Personal information
- Born: Danyah (Rivietz) Glanville February 25 Toronto, Ontario, Canada

Professional wrestling career
- Ring name(s): Danyah Miss Danyah Danyah Rays Alexandra the Great
- Billed height: 5 ft 9 in (1.75 m)
- Billed weight: 128 lb (58 kg)
- Billed from: Las Vegas, Nevada
- Trained by: Johnny Devine Rob Fuego
- Debut: 2005

= Danyah =

Canadian professional wrestler

Danyah (Rivietz) Glanville, better known by her ring name Danyah, is a Canadian professional wrestler. She is best known for her work in Shimmer Women Athletes as well as all-women's promotions in America and Canada. Danyah is currently a fitness professional/fitness model, and competitive CrossFit athlete based out of Toronto, Ontario, Canada, and still wrestles on the side.

== Professional wrestling career ==
Following in the footsteps of Gail Kim and Traci Brooks, Danyah came to the wrestling business through the Squared Circle Pro Wrestling facility and the Devine Dungeon. Prior to her wrestling career she had a background in kickboxing and fitness.

She has wrestled well known wrestlers such as Nattie Neidhart, Gail Kim, and Traci Brooks. She also wrestles in Canada under the name Miss Danyah. Danyah was voted best female body in the wrestling business in PWI magazine in 2010 and 2011.

After missing the first show where she was scheduled to take on She Nay Nay Danyah will make her debut for NCW Femmes Fatales in a Fatal 4 Way also involving the debuting PJ Tyler, She Nay Nay and Addy Starr.
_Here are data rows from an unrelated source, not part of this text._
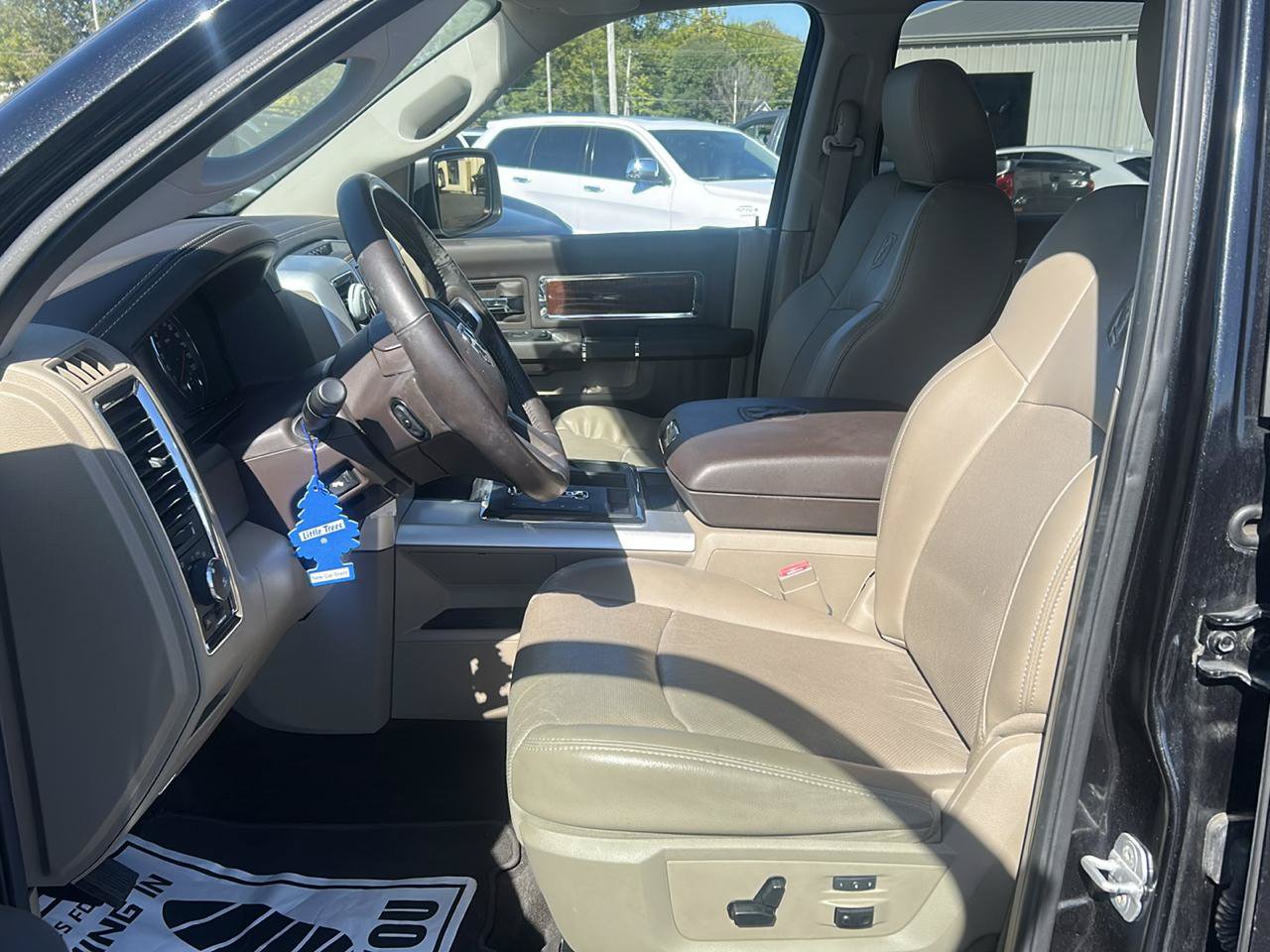 Used 2011 RAM 1500 Laramie AWD/4WD image 9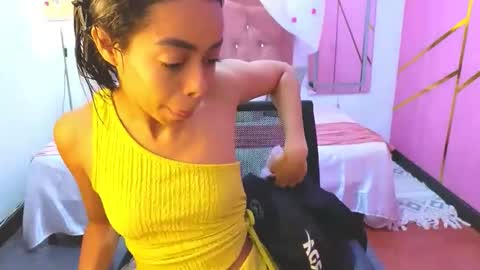 peneelopeecute online show from February 3, 6:45 pm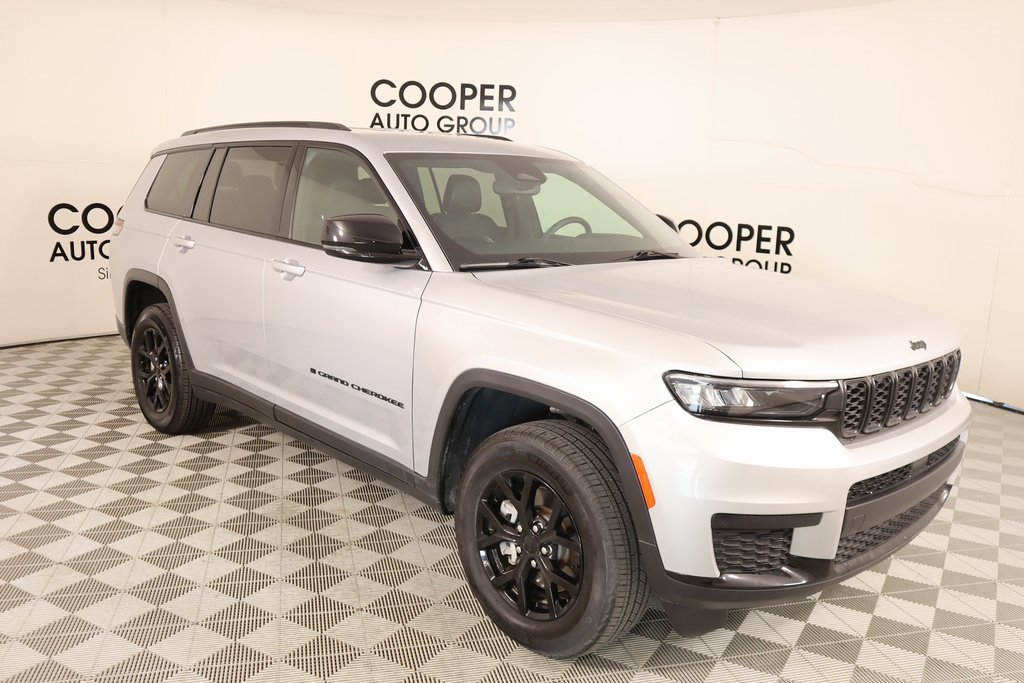 Used 2024 Jeep Grand Cherokee L Laredo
Once again Danyah couldn't make it to NCW Femmes Fatales so the Fatal 4 Way got cancelled. She is now booked for the Third Show.

=== Shimmer Women Athletes ===
Danyah made her Shimmer Women Athletes debut as part of the opening match of Volume 17. She teamed with Jennifer Blake in a losing effort against Rain and Jetta. Later in the night on Volume 18 they lost to the team of Malia Hosaka and Lexie Fyfe. She competed in her first singles match on Volume 19 where she lost to the returning Serena Deeb. Later in the night on Volume 20 she also lost to Amazing Kong. She came back on Volume 21 in a losing effort to Nikki Roxx but was able to score the first victory against Cat Power as part of Volume 22. She was scheduled to take part at the May 2009 tapings of Volumes 23 to 26, but was unable to get there due to travelling issues.

=== Wrestlicious ===
Rivietz portrayed Polish powerhouse Alexandra the Great in season 1 of Jimmy Hart's Wrestlicious.

Alexandra made her in-ring debut facing Brooke Lynne in a winning effort via disqualification when Kickstart Katie attacked Alexandra. She was also one of the 20 wrestlers competing in the "Hoedown Throwdown" 20-girl battle royal to determine the two contenders for the Wrestlicious Takedown title. On the May 19 episode of Takedown, Alexandra faced Kickstart Katie in a submission match against. She ended up winning when Lacey Von Erich put Lynne in the Von Erich Claw to make her drop her towel and give Alexandra the victory over Katie. She was set to team up with Azizza against Amber Lively and Marley but claimed that Lacey Von Erich injured her during the course of the last match. They would be replaced by The Lunch Ladies.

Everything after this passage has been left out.